S&P Reiterates Overweight Rating on Staples ETFs
Amid a volatile market environment in 2012, investors have embraced a favorite hideout at the sector level: Consumer Staples. Year to date, the Consumer Staples sector, which represented about 11.2 percent of the S&P 500 Index was up 10.3 percent (price only), trailing the 12.8 percent rise for the S&P 500, according to a research note published by S&P Capital IQ.
Still, S&P Capital IQ remains bullish on the staples sectors and reiterated Overweight ratings on three ETFs tracking staples stocks. Those funds are the Consumer Staples Select Sector SPDR (NYSE:XLP), the iShares Dow Jones US Consumer Goods Index Fund (NYSE:IYK) and the Vanguard Consumer Staples ETF (NYSE:VDC).

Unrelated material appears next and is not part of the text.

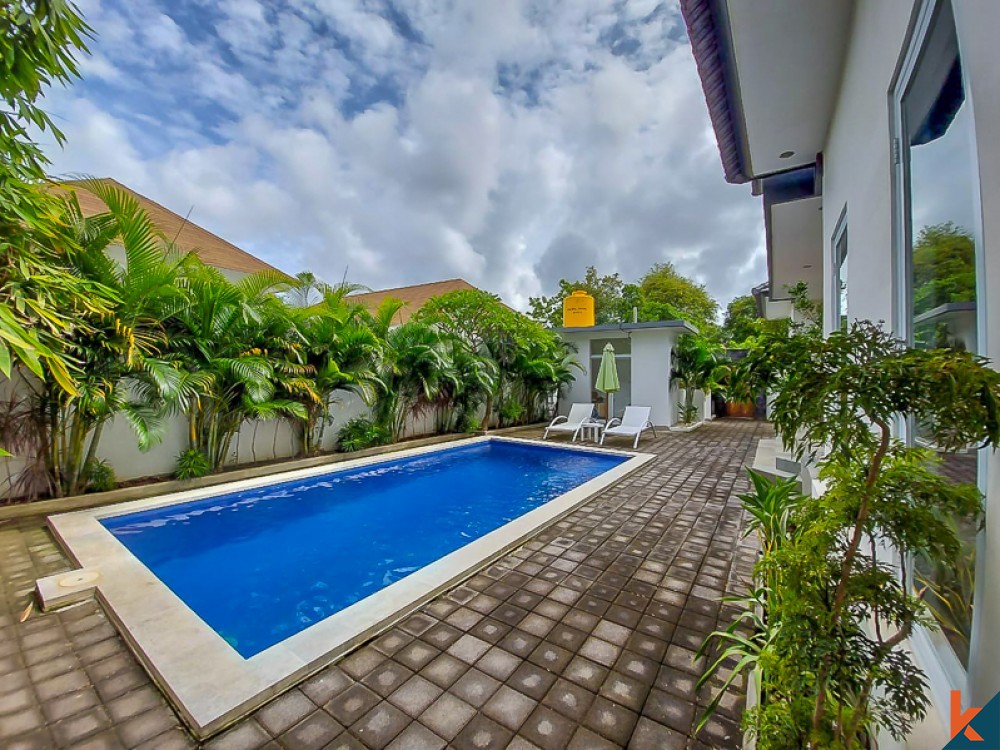 Minimalist Villa with Best Value for Sale in Jimbaran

With $5.86 billion in assets under management and an expense ratio of 0.18 percent, XLP is the largest and least expensive staples ETF.
S&P said it rates another four staples ETFs with at least $100 million in AUM as Market-weight.

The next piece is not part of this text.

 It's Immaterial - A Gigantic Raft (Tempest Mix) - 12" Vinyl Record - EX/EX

"Within the Risk Considerations category, each of the three ETFs received a relatively favorable appraisal from the S&P Quality Rank metric, which suggests a relatively good earnings and dividend track record for companies of which these ETFs owned shares," S&P said in the note.
Year-to-date, VDC is the performance leader of the trio with a 10 percent gain. XLP is next with a gain of 8.65 percent while IYK is up 7.45 percent.
Within all three ETFs, the top-10 holdings account for dominant positions. VDC's top-10 lineup represents nearly 66 percent of the fund's while IYK's top-10 constituents account for almost 59 percent of the ETF's overall weight. XLP's top-10 is equivalent to approximately 70 percent of that ETF's weight.
Procter & Gamble (NYSE:PG), Coca-Cola (NYSE:KO) and Philip Morris (NYSE:PM), in that order, are the top-three holdings in each fund. All three ETFs also feature Wal-Mart (NYSE:WMT), PepsiCo (NYSE:PEP), Kraft (NASDAQ:KFT) and Altria (NYSE:MO) among the top-10 holdings.
"Among other risk-related analytics, all of these ETFs also had a favorable appraisal related to standard deviation, which measures price volatility of the ETF," S&P said in the note. "Also, XLP had a relatively favorable S&P credit rating appraisal (related to holdings; based on publicly available credit rating information from a separate S&P unit), compared to a more mid-range relative assessment for the other two ETFs. However, the holdings-related S&P Risk Assessment from S&P Capital IQ equity analysts was relatively unfavorable for all three of the ETFs."